Décès de Céline Giboire en 2012 : Pourquoi la thèse du suicide semble improbable
Ah, les enquêtes criminelles ! Un peu comme essayer de trouver les clés de sa voiture après avoir fait les 400 coups, sauf que là, le cadavre d’une jeune fille de 16 ans flottait au milieu de tout ce capharnaüm. Céline Giboire, retrouvée morte au pied d'une falaise à Saint-Malo en 2012, a laissé derrière elle un mystère plus épais que la bouillie anglaise. La thèse du suicide a été rapidement évoquée, mais commençons à gratter cette surface lisse et propre. Si ça part dans tous les sens, ce n'est pas un accident de voiture, mais bien une enquête qui prend l'eau.
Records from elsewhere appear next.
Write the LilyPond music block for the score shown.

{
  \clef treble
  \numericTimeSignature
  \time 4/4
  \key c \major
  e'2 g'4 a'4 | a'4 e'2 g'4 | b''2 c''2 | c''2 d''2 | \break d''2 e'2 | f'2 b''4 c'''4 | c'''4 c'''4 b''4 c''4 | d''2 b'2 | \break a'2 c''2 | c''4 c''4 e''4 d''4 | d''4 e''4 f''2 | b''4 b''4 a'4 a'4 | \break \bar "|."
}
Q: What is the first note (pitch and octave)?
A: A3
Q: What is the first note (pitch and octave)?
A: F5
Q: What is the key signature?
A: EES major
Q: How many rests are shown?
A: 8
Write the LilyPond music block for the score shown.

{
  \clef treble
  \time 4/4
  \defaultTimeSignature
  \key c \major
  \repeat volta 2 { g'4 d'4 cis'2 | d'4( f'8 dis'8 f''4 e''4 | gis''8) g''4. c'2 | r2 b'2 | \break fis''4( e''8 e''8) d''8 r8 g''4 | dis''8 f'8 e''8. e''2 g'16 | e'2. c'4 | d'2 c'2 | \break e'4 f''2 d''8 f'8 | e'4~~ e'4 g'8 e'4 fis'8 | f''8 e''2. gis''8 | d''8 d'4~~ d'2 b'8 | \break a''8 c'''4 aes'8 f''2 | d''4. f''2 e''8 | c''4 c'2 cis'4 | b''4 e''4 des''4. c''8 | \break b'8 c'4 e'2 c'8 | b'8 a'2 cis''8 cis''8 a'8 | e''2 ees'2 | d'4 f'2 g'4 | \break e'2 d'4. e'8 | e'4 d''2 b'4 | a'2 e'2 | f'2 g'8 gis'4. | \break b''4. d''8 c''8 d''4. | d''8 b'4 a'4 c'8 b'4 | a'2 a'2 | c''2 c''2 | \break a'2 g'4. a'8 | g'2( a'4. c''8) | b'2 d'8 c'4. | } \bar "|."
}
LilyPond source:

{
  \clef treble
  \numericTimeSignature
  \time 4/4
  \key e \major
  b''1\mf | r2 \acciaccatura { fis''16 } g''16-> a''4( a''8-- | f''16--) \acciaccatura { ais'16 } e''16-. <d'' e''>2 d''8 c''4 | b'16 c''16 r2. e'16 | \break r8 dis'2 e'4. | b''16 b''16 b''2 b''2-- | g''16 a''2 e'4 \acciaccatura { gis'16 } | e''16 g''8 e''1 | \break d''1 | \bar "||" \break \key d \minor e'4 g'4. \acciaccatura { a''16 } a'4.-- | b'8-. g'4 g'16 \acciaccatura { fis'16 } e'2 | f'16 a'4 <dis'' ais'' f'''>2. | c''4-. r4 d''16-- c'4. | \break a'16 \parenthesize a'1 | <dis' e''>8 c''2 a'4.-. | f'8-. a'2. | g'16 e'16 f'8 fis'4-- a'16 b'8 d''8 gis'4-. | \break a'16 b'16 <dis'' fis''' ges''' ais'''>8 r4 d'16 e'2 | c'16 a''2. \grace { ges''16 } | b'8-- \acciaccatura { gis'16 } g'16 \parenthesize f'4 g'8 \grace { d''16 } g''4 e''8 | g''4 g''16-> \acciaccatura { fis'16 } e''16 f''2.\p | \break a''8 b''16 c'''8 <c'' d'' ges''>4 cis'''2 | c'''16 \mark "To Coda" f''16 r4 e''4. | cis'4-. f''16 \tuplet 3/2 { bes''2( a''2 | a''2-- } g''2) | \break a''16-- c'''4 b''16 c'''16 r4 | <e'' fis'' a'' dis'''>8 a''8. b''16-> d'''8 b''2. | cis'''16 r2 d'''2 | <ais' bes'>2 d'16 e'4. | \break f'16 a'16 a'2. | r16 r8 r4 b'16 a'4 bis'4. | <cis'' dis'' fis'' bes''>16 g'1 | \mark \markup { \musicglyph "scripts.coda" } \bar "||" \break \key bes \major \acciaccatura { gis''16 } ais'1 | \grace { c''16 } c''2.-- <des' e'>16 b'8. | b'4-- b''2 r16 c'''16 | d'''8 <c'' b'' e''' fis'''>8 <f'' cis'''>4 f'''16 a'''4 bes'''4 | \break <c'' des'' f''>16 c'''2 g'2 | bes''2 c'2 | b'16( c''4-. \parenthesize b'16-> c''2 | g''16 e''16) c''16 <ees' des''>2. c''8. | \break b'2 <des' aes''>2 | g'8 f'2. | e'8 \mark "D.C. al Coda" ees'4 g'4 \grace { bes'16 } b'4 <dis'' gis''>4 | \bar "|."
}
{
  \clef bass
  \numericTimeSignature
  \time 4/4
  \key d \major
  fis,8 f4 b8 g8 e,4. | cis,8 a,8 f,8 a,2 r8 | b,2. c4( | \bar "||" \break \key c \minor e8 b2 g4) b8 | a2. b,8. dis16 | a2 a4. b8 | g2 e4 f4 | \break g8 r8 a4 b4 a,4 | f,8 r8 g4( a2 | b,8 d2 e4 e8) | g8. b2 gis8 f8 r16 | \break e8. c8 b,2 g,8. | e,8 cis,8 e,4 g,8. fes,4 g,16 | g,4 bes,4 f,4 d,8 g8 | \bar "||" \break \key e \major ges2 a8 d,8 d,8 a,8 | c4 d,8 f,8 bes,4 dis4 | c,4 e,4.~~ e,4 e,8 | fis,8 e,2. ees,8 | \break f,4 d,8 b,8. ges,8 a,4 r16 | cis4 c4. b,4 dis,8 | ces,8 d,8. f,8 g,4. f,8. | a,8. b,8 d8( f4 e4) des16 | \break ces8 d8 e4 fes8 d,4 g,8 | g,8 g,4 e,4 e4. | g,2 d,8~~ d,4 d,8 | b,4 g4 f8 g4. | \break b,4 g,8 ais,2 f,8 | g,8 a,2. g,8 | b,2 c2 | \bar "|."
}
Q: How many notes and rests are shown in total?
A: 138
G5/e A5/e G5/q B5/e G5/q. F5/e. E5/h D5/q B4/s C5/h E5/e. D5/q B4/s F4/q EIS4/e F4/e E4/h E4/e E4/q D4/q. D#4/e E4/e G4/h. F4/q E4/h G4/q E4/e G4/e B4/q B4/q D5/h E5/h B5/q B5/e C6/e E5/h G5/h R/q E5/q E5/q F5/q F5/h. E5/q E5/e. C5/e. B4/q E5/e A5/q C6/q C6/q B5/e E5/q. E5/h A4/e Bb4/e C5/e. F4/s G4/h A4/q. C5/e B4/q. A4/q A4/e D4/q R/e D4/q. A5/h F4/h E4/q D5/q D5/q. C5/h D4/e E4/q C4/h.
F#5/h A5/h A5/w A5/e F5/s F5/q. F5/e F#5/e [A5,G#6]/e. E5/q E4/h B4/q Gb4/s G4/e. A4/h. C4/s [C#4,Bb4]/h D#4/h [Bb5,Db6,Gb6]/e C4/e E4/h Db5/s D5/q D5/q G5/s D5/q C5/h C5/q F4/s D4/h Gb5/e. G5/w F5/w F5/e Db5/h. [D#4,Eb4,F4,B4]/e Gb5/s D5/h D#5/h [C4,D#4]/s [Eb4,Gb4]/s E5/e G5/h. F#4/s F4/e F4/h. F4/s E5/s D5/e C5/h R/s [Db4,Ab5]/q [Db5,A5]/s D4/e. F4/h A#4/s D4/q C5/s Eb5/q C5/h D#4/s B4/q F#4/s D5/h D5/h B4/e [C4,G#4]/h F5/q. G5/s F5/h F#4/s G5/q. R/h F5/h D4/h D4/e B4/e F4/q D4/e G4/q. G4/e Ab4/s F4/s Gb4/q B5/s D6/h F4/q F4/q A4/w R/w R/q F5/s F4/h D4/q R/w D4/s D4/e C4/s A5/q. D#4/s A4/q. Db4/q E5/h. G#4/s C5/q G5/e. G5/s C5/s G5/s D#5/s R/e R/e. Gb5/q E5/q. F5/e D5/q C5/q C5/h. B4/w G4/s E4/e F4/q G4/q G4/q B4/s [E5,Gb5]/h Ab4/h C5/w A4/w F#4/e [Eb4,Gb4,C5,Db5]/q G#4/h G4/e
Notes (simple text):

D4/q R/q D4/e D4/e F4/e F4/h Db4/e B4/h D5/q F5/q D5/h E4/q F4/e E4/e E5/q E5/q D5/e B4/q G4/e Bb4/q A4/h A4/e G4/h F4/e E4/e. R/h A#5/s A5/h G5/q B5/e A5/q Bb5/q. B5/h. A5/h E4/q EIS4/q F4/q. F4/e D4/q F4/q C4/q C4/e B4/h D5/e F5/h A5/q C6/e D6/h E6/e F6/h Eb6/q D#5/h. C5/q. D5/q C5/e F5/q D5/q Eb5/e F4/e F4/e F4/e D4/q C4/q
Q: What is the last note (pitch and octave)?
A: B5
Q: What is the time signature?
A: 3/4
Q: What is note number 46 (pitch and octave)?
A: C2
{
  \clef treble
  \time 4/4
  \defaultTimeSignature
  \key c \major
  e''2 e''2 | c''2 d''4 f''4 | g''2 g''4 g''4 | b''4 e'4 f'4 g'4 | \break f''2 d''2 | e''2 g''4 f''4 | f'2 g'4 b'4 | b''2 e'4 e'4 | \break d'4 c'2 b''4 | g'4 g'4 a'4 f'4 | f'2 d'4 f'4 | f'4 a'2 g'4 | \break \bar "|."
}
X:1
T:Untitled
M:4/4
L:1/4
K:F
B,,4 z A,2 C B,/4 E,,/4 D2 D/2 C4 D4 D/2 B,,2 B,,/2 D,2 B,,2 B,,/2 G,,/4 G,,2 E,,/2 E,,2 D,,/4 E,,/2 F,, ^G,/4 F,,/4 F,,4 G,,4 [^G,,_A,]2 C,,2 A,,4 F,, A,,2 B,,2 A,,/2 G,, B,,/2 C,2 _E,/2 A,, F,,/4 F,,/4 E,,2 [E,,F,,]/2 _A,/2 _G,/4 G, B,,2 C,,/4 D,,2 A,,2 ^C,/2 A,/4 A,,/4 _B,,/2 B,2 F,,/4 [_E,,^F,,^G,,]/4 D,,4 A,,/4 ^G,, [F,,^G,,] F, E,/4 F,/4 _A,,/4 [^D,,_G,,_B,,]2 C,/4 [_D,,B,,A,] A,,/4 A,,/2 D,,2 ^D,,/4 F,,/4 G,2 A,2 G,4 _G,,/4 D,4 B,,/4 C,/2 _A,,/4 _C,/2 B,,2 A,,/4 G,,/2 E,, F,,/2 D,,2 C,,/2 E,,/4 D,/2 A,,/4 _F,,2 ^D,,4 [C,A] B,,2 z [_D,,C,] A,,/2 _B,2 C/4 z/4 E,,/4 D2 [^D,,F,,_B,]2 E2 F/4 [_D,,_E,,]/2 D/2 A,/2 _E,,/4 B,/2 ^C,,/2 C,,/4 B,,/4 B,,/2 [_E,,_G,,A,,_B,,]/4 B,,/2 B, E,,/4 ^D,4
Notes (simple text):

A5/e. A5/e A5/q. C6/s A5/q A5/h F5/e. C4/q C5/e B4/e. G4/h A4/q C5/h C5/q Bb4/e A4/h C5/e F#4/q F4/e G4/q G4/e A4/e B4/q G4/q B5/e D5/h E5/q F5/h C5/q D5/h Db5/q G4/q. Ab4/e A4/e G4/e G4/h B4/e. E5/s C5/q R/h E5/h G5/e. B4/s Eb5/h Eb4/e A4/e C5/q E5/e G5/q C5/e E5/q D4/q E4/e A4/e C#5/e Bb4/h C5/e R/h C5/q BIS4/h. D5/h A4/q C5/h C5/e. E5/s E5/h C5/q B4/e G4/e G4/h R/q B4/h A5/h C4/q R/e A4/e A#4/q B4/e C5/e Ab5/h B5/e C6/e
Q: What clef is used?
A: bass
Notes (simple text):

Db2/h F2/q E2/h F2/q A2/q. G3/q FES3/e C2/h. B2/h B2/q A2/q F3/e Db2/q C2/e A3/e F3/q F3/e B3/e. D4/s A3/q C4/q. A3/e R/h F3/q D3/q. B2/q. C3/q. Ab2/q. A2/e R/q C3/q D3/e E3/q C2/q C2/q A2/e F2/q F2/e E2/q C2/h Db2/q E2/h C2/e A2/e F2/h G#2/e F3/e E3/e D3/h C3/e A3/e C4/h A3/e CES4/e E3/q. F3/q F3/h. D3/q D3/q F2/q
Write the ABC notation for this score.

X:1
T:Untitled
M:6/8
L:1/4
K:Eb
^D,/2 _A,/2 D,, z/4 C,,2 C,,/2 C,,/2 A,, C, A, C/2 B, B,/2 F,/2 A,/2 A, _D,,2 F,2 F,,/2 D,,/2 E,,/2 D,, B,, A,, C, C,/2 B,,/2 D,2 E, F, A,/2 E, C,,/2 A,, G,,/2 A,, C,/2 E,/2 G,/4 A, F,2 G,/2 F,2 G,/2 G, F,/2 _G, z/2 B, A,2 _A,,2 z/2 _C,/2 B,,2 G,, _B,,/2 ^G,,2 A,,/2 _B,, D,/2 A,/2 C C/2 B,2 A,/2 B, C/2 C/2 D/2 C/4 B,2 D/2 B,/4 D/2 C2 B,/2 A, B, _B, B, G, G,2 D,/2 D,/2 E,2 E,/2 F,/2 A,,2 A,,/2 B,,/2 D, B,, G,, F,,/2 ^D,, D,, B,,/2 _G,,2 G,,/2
Une fille au parcours tranquille, une fin troublante
Pour être clair, Céline n'était pas la caricature d'adolescente en détresse. Une vie douce, classique, des études qui se déroulent sans accrocs. Puis, soudain, un détour vers Saint-Malo un jour de février, comme si elle prenait un aller-retour pour une destination touristique curieuse. Et que fait-elle, la brave ? Elle fait du stop sur la route, attendant probablement que des touristes égarés la prennent dans leurs voitures flamboyantes, mais qui aurait bien envie de descendre de sa voiture climatisée un jour de pluie ?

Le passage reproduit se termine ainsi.